Al: I’ve had some really good experiences with co-productions. They have to be bringing something that is genuinely advantageous to the film, not just money or rights. You’re having to approach people quite often that you’ve never worked with, create a relationship and build trust. It’s a big leap of faith. It has to have strong reasons to collaborate: maybe your film is set in another country, and your co-production partner knows the country, knows great crews or who to go to for finance in that country. When it doesn’t work, its maybe because of different expectations or they have different experience level to you and you’re having to carry a lot of it. You want people that are as ambitious for the film as you are, know their territory, and can be hands-on and practical. Then it can take a lot of work off your hands. It can be great.
Jerry: What would you say are the frequent underlying causes of things going wrong with projects?
Al: Miscommunication is the biggest. It often it amazes me how humans can miscommunicate and resort to blame. But you’re asking financiers to put a lot of money into the project. And you’re saying, as a producer, trust me and trust the filmmaker to make the film you imagined and that will be sold. That can be problematic because financiers, if they are worried about a project, will try and impose their ideas, sometimes by being increasingly interventionist in the creative aspects. So for the producer there’s a role to manage the financiers’ interventions at the same time as giving the director the licence to come up with solutions.
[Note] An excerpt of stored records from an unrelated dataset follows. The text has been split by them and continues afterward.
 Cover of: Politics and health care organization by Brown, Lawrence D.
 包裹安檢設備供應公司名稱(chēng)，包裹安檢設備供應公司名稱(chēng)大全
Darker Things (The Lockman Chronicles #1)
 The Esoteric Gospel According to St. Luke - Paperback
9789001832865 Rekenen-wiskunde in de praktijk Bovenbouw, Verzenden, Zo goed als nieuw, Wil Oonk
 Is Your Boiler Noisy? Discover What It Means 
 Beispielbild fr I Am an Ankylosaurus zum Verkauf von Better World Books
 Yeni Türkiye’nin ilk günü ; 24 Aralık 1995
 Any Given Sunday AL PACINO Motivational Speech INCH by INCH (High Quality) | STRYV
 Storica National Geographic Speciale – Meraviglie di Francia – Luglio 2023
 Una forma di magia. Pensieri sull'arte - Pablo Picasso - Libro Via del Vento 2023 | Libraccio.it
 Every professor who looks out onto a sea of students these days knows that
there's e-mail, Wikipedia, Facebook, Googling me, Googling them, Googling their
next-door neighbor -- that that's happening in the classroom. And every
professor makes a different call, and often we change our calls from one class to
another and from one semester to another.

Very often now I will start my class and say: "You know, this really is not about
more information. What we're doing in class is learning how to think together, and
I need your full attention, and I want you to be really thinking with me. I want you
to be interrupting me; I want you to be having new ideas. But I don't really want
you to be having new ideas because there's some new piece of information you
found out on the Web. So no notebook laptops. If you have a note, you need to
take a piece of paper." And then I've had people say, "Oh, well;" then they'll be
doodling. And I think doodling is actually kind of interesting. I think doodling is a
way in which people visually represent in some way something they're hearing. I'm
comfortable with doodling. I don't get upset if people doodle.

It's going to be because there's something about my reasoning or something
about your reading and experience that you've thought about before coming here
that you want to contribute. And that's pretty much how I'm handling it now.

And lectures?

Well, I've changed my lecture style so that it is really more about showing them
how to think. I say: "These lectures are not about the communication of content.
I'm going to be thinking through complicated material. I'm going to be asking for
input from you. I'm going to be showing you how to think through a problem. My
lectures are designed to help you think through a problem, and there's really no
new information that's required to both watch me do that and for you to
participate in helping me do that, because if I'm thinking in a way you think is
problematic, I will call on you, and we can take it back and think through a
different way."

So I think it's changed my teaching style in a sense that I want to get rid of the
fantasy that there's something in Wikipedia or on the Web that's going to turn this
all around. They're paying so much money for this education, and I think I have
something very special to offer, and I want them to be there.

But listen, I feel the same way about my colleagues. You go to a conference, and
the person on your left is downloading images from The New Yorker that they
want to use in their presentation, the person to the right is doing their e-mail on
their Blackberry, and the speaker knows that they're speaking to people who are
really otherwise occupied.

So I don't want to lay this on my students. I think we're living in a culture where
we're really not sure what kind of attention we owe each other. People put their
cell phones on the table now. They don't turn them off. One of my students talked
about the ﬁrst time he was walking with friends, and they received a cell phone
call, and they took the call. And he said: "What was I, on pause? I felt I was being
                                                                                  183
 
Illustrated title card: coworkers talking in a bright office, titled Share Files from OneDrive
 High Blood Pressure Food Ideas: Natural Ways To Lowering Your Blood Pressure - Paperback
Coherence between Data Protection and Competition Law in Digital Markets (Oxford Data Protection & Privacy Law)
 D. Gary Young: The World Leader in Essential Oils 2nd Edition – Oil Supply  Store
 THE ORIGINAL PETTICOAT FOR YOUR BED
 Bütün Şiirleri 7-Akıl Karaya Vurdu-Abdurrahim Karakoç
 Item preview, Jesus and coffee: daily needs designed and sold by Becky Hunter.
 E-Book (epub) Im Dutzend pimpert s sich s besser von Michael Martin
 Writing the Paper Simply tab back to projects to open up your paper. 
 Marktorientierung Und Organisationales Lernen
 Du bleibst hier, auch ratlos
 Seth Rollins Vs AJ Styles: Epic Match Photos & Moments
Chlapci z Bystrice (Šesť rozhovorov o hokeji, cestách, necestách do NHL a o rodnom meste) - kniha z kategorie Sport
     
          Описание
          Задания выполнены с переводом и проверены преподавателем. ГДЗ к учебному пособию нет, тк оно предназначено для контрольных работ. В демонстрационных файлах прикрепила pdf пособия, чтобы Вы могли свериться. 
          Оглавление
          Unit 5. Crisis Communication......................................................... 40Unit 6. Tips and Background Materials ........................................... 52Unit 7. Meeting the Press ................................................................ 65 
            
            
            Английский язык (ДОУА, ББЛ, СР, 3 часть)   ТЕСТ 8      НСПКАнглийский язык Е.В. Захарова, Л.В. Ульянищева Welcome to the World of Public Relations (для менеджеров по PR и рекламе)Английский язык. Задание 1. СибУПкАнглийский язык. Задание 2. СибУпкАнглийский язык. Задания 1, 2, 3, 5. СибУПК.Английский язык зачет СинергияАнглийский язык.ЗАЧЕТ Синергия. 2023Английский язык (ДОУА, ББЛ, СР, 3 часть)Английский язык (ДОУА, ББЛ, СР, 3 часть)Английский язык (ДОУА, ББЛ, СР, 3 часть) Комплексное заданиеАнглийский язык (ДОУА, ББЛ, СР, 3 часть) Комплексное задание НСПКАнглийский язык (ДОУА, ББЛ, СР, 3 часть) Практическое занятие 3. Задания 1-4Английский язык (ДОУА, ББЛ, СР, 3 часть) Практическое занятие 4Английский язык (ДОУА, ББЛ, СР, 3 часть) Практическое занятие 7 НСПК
Jerry: So, what enables you to trust the process?
Al: The one thing I know, perhaps the only thing, is what a good idea looks like and what other people are going to enjoy watching. That’s what I think I know, and it’s all I need to know because it will sustain me for the duration of the project. But then there’s the process to get there. At the development stage I notice directors expect more of me. When we’re writing outlines or pitch documents – sometimes I can see they want me to be more actively seeking finance for the film – but often it’s not the time yet, because it’s not ready to start pitching. That phase can be a long period of time and it’s often done with no money, but you have to put that initial legwork into get it to a point where other people will understand it. And there’s usually a moment when it switches, where the vision for the film crystallizes in a way that other people can see it – and by that stage you’ve done the research to back it up.